Your goal: Type out the complete listing below word for word, without its pictures.

Material provided:

==========

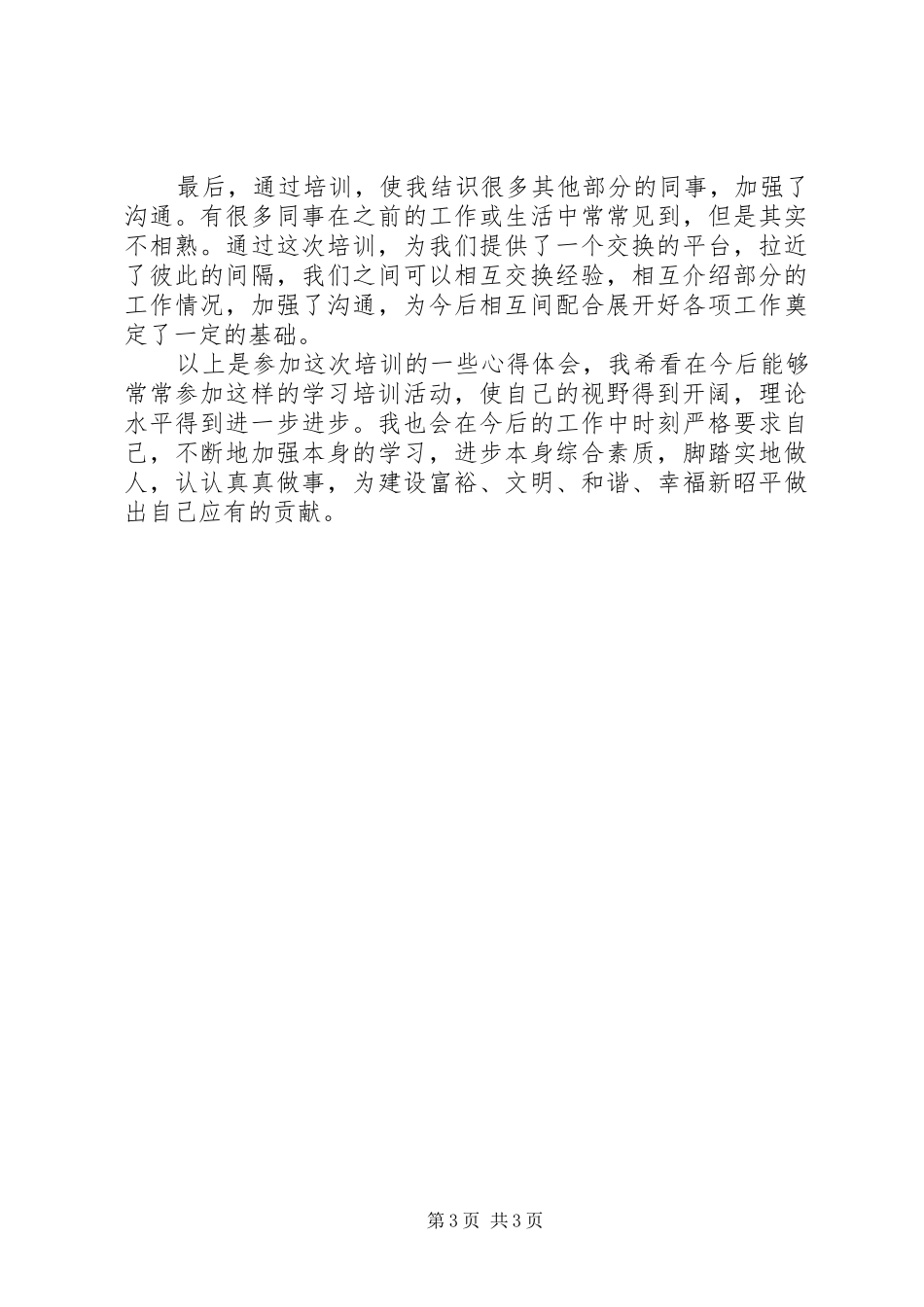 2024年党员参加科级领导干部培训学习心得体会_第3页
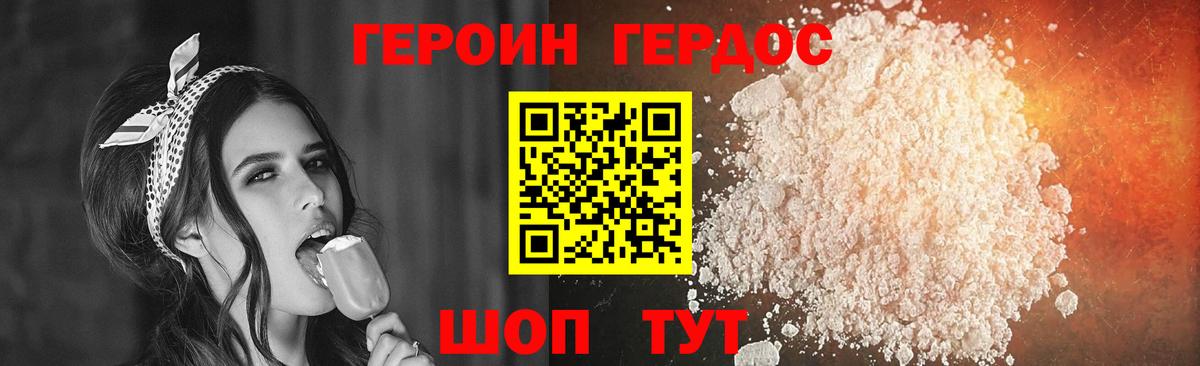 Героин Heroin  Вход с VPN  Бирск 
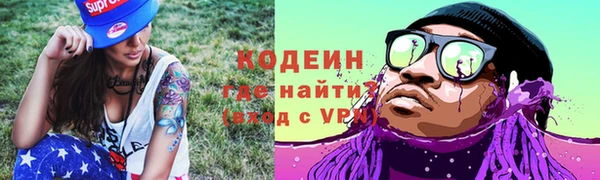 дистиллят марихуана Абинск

==========

Completed task:
 2024年党员参加科级领导干部培训学习心得体会_第3页
 Героин Heroin  Вход с VPN  Бирск 
 дистиллят марихуана Абинск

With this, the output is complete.